Мережковский был одним из создателей этого движения, вдохновителем этого оттенка предреволюционной русской литературы, — и это-то и показывает, насколько мало характерно для него поверхностно-капризное западничество с Верленами, Уайльдами, а то даже и Пшибышевским. Без Мережковского русский модернизм мог бы оказаться декадентством в подлинном смысле слова, и именно он с самого начала внес в него строгость, серьезность и чистоту. Книга о Толстом и Достоевском оправдывает поход на Скабичевского: ради переложения французских сонетов на русский лад ломать стулья, пожалуй, не стоило, но ради этого стоило. Тут было возвращение к величайшим темам русской литературы, к великим темам вообще. Границы расширялись не только на словах, но и на деле, а, главное, не только географически, но и творчески. Кстати, книга эта имела огромное значение, не исчерпанное еще и до сих пор. Она кое в чем схематична, — особенно в части, касающейся Толстого, — но в ней дан новый углубленный взгляд на «Войну и мир» и «Братьев Карамазовых», взгляд, который позднее был распространен и разработан повсюду. Многие наши критики, да и вообще писатели, не вполне отдают себе отчет, в какой мере они обязаны Мережковскому тем, что кажется им их собственностью: перечитать старые книги бывает полезно.
* * *
Однако это прошлое, это — история, исторические заслуги.
Влияние Мережковского, при всей его внешней значительности, осталось внутренне ограниченным. Его мало любили, мало кто за всю его долгую жизнь был и близок к нему. Было признание, но не было порыва, влечения, даже доверия, — в высоком, конечно, отнюдь не житейском смысле этого понятия.
Мережковский — писатель одинокий.
Трудно найти другое слово, которое отчетливее выразило бы существеннейшие его черты и положение его в русской словесности. Было во внутреннем облике Мережковского что-то такое печальное, холодное и, вместе с тем, отстраняющее, что рано или поздно пустота вокруг него должна была образоваться. Да, влияние он имел в начале века огромное. Роль играл самую видную. Но ни влияние, ни роль не исключили одиночества. Одиночество было глубже. Оно могло и до старости Мережковского прекрасно уживаться с какими угодно спорами, соображениями, выступлениями, речами, полемиками. Взглянешь, бывало, со стороны, — как будто активнейшая деятельность. Вслушаешься в тон слов, написанных или сказанных, все равно, — и сразу чувствуешь, как все это прирожденно, органически непоправимо «вне»… Нелегко определить, вне чего. Естественно было бы сказать «вне жизни», но как некогда было спрошено «что есть истина?», так можно спросить себя: «что есть жизнь?» Разве то, что так явно волновало Мережковского — не жизнь? Разве жизнь — это только какие-нибудь желтые пеленки Наташи Ростовой, а все эти догадки, намеки, воспоминания, пророчества и обещания, хотя бы и самые отвлеченные, — нечто другое?
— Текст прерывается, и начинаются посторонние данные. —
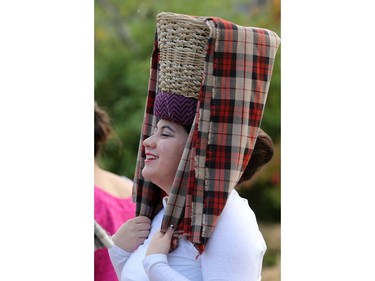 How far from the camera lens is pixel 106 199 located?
3.14 m

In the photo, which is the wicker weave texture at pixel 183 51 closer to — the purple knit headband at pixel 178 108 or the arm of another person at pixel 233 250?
the purple knit headband at pixel 178 108

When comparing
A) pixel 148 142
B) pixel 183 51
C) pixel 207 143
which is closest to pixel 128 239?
pixel 148 142

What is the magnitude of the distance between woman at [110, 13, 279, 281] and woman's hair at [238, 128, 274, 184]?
0.32 feet

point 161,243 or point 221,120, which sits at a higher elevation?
point 221,120

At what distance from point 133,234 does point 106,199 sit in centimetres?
97

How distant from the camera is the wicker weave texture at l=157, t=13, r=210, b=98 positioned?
2.00 metres

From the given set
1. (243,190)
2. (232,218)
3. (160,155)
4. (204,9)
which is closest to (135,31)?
(204,9)

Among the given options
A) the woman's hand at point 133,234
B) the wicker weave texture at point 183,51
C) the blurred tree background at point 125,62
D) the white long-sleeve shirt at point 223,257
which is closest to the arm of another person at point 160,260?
the white long-sleeve shirt at point 223,257

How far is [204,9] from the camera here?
2641 mm

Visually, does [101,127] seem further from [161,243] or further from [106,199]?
[161,243]

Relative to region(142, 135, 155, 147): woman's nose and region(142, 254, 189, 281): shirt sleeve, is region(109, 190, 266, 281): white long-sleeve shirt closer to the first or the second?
region(142, 254, 189, 281): shirt sleeve


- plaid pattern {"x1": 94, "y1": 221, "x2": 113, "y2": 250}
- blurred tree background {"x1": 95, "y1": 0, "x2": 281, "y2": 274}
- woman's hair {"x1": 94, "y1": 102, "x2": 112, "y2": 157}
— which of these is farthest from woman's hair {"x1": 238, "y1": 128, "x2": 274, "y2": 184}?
woman's hair {"x1": 94, "y1": 102, "x2": 112, "y2": 157} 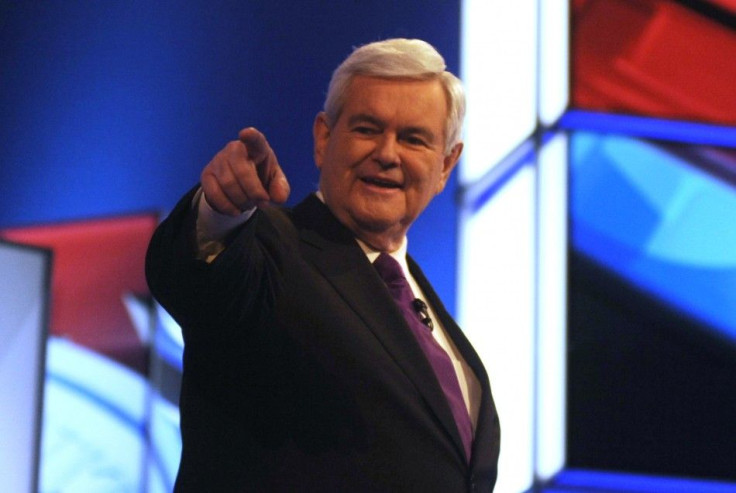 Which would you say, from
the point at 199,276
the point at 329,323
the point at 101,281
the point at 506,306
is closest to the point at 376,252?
the point at 329,323

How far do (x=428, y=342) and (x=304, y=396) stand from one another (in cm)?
25

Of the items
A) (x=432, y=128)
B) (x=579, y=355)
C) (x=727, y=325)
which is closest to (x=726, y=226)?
(x=727, y=325)

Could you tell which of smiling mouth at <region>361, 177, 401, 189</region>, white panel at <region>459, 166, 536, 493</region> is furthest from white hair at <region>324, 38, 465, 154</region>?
white panel at <region>459, 166, 536, 493</region>

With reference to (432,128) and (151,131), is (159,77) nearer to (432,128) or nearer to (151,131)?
(151,131)

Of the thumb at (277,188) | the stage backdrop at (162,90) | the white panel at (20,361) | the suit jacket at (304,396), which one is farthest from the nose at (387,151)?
the white panel at (20,361)

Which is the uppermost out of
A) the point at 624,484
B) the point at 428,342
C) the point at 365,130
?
the point at 365,130

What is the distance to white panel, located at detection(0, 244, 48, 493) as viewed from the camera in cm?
221

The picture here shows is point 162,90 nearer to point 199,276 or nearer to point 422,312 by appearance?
point 422,312

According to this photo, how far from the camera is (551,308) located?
2496mm

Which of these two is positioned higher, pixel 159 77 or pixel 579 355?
pixel 159 77

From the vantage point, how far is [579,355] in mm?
2521

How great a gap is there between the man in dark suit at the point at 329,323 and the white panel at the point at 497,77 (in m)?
1.01

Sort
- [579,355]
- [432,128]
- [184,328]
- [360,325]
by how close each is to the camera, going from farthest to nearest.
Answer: [579,355]
[432,128]
[360,325]
[184,328]

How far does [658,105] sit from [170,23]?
4.24 ft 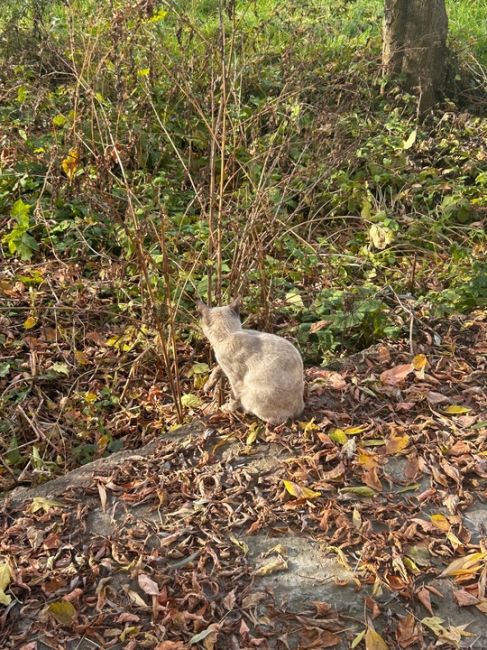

Нет, оставим в покое расплывчатое, все покрывающее понятие о жизни. Но если случайно вспомнился Толстой, то на примере его можно кое-что пояснить… Толстой, в самом деле, менее, чем кто бы то ни было, — «вне». Толстой всегда и во всем — со всеми людьми. Мережковский — единственный из больших русских писателей последнего времени, полностью обошедшийся в своем духовном развитии без Толстого. У других — отчужденность обманчива, поверхностна. При жизни Блока, например, могло бы показаться парадоксальным утверждение прямой зависимости «декадентского» поэта от Толстого, и Толстой, конечно, расхохотался бы над «Ночными часами», как хохотал над Бодлером и Ибсеном. Но нравственная преемственность очевидна — и уже скорее поверхностна связь Блока с Владимиром Соловьевым. В разных формах зависимость от Толстого можно обнаружить, при сколько-нибудь пристальном внимании, почти у всех, только не у Мережковского. Здесь — несомненный разрыв, и даже не разрыв, а какое-то постоянное игнорирование, переходящее в глухую вражду. Нередко, когда читаешь Мережковского, кажется, что он именно с Толстым спорит, как бы ни был далек от него, и именно с ним сводит какие-то давние, скрытые счеты.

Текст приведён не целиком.